8. Urban Design Architecture

Urban design architecture is a comprehensive discipline that deals with towns and cities’ arrangement, appearance, and functionality.
Historically, this was often the work of architects. While there is a great deal of overlap between architecture, master planning and urbanism, Urban Design has emerged as its own field, with specific degree programs and firms that specialize in designing neighborhood developments and new towns, thinking at the scale of the pedestrian walking through streets, and the driver navigating the roads.

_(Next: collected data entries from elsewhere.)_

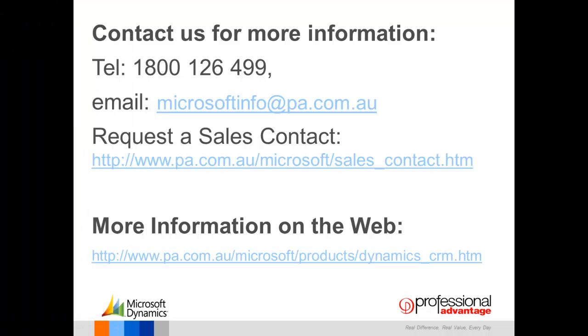You can contact Professional Advantage by telephone, email, request a sales contact, or you can find more information on our website.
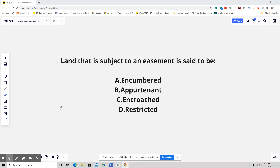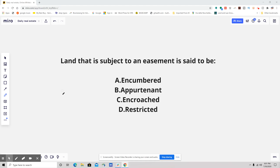I want to talk about where the confusion lies, because this is a little bit of the wording being tricky. Land that is subject to an easement is said to be: A, encumbered; B, appurtenant; C, encroached; or D, restricted.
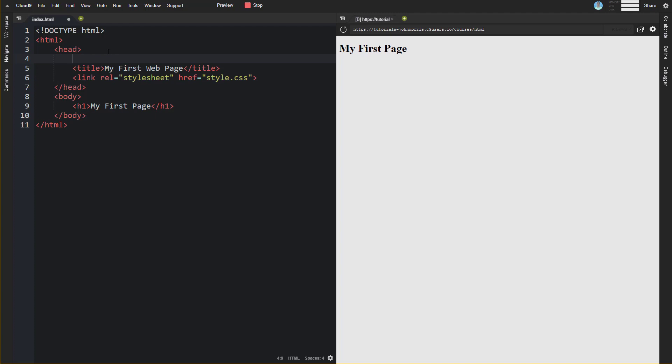Another common one or one that you'll definitely see are meta tags. There can be a number of different meta tags that you might see.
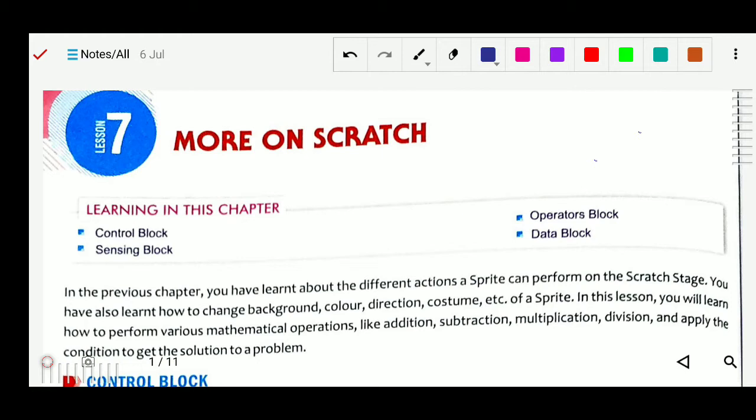Now we will study some more things in this chapter — more on Scratch — like control blocks, sensing blocks, operator blocks, and data blocks. These blocks were not studied in the previous chapter. So now we will study about these blocks and why we use them. For example, to do mathematical operations like addition, subtraction, and division, we can apply these blocks.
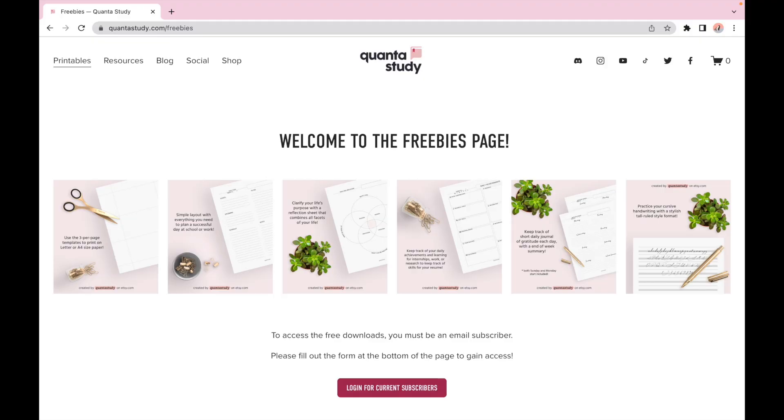If you're interested in any of the printables that you saw in this video, then you can head on over to quantastudy.com or the link in the description below and you can download those printables as well. Thanks again for stopping by and hope to see you next time. Bye!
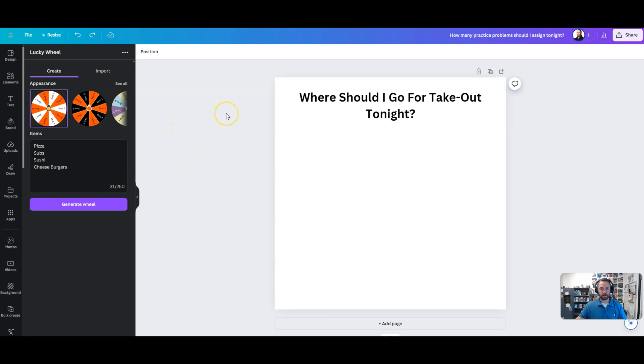Alright, in this video we're going to learn how to make a spin wheel in Canva using apps.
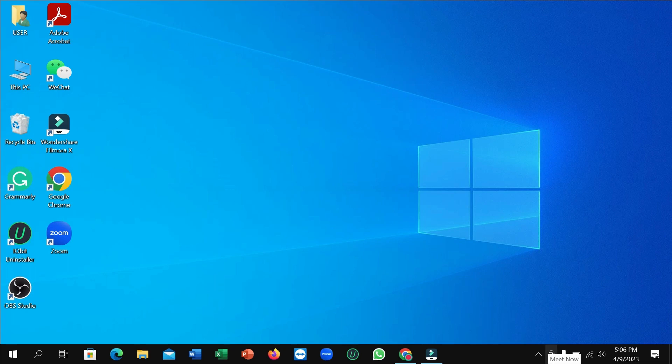Hello everyone, welcome back. Today in this video I'm going to show you how to download and install WhatsApp Beta on your laptop or desktop. So let's begin.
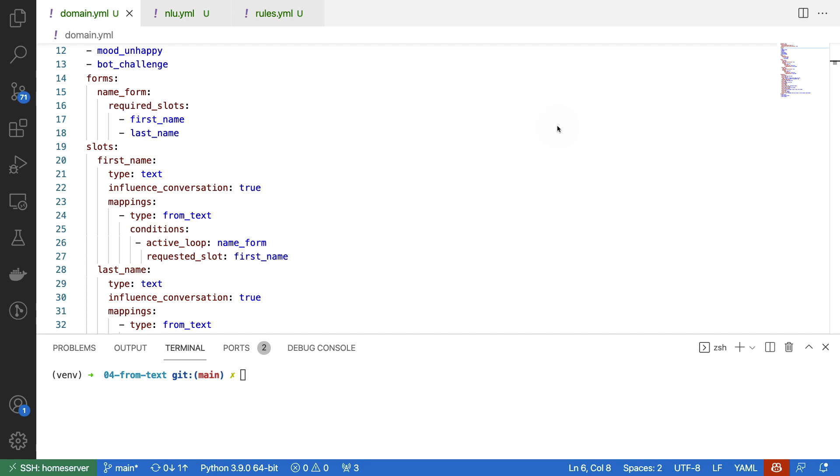To facilitate this, we are making our slot a little bit different. A name will still be a slot of type text, but instead of getting it from an entity, we are going to get it from text quite literally. We are using the from_text mapping here, and this will allow us to store anything that the user types as a slot.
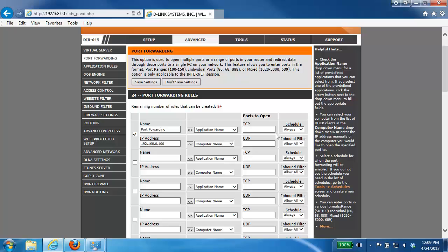In this example, I'm just going to put in some generic ports here, so 100 to port 5000. If the application I was opening these ports for required both TCP and UDP, I would enter these ports into both fields.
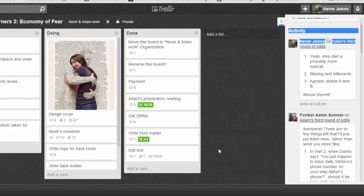If Adam wants to know, hey Kevin, where are you at on getting the international standard book numbers for the book? Well, look, I've moved it over into the done column so Adam knows that that's done.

It involves planning public spaces, infrastructure, and the overall layout to enhance living conditions and connectivity within urban environments. Urban designers focus on creating cohesive and vibrant urban areas that encourage community interaction and facilitate efficient movement throughout the city. They address the arrangement of buildings, public transport systems, pedestrian paths, and recreational spaces to create an integrated and dynamic urban fabric. An Urban Designer will often, as part of their scope of work, create a set of design guidelines, or a ‘pattern book, that will be passed along to the architects of the individual buildings so their designs can fit in with the overall style, scale, look and feel of the project.

Urban design architecture aims to foster accessible, safe, and attractive urban environments that cater to the population’s diverse needs, promoting a high quality of urban life through well-considered spatial organization and design elements.